Material provided>
>>>

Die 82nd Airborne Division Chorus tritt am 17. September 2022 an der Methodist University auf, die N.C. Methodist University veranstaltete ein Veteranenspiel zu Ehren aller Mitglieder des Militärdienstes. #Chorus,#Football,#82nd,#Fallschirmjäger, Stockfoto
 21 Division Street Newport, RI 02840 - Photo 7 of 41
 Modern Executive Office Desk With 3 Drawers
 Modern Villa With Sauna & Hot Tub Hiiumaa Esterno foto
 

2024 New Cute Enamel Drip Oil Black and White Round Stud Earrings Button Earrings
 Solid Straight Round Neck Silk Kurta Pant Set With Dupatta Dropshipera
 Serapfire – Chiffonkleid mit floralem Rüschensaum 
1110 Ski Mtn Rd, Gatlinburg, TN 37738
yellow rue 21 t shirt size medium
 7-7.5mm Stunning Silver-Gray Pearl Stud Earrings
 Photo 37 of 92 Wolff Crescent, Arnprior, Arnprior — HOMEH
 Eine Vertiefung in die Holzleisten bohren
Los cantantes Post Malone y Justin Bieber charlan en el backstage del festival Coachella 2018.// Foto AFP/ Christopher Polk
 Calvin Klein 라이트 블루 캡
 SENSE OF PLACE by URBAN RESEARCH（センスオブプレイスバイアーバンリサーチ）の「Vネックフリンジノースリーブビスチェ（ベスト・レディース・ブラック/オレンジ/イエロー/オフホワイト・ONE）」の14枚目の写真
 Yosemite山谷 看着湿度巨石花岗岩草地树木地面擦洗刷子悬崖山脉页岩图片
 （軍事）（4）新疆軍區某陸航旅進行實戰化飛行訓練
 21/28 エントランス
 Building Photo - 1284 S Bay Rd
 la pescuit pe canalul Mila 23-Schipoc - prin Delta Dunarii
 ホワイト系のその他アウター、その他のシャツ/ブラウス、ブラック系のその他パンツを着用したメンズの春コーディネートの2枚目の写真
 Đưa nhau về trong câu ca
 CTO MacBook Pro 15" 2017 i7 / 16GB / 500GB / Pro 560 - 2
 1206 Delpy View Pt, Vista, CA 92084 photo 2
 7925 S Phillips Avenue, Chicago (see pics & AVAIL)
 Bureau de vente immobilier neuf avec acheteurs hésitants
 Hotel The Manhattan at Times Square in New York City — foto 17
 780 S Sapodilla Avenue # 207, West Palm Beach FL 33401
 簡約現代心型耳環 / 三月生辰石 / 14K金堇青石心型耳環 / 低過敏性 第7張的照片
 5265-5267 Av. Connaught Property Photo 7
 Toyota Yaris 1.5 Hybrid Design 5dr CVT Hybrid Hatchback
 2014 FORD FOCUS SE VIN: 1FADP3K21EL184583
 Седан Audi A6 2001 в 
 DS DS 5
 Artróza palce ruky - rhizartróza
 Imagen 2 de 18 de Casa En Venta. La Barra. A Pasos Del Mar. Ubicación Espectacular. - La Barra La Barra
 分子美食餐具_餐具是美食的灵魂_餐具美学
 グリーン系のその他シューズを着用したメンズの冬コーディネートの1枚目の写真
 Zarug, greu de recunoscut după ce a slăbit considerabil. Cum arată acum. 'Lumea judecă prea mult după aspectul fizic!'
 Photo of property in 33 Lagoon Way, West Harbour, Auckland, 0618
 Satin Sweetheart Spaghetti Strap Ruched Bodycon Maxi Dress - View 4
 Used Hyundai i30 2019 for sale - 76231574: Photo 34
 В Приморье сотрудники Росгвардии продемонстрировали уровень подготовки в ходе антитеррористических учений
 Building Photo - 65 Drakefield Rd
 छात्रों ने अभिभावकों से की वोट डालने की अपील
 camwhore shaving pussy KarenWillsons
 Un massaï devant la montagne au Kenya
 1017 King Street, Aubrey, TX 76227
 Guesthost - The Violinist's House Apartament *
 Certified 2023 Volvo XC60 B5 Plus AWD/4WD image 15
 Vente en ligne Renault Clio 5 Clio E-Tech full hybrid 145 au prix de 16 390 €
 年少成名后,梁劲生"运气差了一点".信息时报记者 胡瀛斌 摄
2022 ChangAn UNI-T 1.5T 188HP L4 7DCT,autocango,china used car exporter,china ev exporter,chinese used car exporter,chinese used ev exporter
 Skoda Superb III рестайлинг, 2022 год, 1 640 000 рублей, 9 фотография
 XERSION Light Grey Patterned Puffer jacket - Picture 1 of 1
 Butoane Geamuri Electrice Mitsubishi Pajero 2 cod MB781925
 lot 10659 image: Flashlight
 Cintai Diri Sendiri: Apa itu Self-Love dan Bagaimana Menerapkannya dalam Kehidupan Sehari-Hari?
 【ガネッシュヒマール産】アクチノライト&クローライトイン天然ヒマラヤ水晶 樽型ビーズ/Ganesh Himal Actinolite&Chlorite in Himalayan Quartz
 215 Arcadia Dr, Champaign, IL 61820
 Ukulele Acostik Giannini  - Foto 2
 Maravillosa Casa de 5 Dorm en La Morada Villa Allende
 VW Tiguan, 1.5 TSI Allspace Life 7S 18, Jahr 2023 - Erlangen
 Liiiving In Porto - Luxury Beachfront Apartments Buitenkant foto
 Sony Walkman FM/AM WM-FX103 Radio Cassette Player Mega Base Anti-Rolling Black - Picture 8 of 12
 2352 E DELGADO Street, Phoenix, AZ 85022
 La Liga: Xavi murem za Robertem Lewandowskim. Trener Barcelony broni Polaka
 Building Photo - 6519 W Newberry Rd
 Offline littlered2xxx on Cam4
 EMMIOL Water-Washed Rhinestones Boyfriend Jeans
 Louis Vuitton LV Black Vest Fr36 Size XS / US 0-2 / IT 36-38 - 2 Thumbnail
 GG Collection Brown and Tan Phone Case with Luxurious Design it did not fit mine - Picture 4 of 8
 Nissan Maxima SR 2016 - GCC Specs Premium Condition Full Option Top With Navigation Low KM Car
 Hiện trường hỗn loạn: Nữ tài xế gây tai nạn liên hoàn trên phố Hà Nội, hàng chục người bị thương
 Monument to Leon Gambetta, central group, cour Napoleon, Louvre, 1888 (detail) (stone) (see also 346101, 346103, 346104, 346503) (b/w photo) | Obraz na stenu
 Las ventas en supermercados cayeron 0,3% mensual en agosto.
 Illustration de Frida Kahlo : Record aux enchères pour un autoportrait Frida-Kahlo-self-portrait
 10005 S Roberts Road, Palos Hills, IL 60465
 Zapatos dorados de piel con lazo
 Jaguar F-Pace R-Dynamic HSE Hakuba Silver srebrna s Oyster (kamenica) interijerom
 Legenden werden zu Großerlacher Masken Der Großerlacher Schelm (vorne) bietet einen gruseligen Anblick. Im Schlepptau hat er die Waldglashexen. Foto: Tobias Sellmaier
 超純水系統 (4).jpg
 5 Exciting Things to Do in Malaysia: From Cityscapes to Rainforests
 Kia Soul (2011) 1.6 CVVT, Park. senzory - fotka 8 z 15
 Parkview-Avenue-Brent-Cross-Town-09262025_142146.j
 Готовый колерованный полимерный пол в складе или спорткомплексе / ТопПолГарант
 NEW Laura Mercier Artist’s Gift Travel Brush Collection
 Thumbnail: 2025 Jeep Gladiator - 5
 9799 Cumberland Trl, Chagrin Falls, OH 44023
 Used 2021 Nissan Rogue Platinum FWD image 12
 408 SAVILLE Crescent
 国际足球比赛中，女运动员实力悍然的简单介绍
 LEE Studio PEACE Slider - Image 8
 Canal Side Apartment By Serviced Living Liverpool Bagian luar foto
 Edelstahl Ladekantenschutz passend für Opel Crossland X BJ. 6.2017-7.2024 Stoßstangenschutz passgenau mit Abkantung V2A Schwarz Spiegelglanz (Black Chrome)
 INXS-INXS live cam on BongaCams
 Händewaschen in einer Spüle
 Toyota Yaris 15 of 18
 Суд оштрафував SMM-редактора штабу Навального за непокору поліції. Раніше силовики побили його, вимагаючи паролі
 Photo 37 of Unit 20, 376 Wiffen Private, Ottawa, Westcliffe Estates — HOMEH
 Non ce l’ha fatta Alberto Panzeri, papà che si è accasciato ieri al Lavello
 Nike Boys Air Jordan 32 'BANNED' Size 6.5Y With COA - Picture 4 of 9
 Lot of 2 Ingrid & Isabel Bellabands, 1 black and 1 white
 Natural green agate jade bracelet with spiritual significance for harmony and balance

<<<

Exercise directions> Could you retype exactly the lines from the first one of the records through the line containing "Modern Villa With", both included, and nothing more?

Response for this exercise>
Die 82nd Airborne Division Chorus tritt am 17. September 2022 an der Methodist University auf, die N.C. Methodist University veranstaltete ein Veteranenspiel zu Ehren aller Mitglieder des Militärdienstes. #Chorus,#Football,#82nd,#Fallschirmjäger, Stockfoto
 21 Division Street Newport, RI 02840 - Photo 7 of 41
 Modern Executive Office Desk With 3 Drawers
 Modern Villa With Sauna & Hot Tub Hiiumaa Esterno foto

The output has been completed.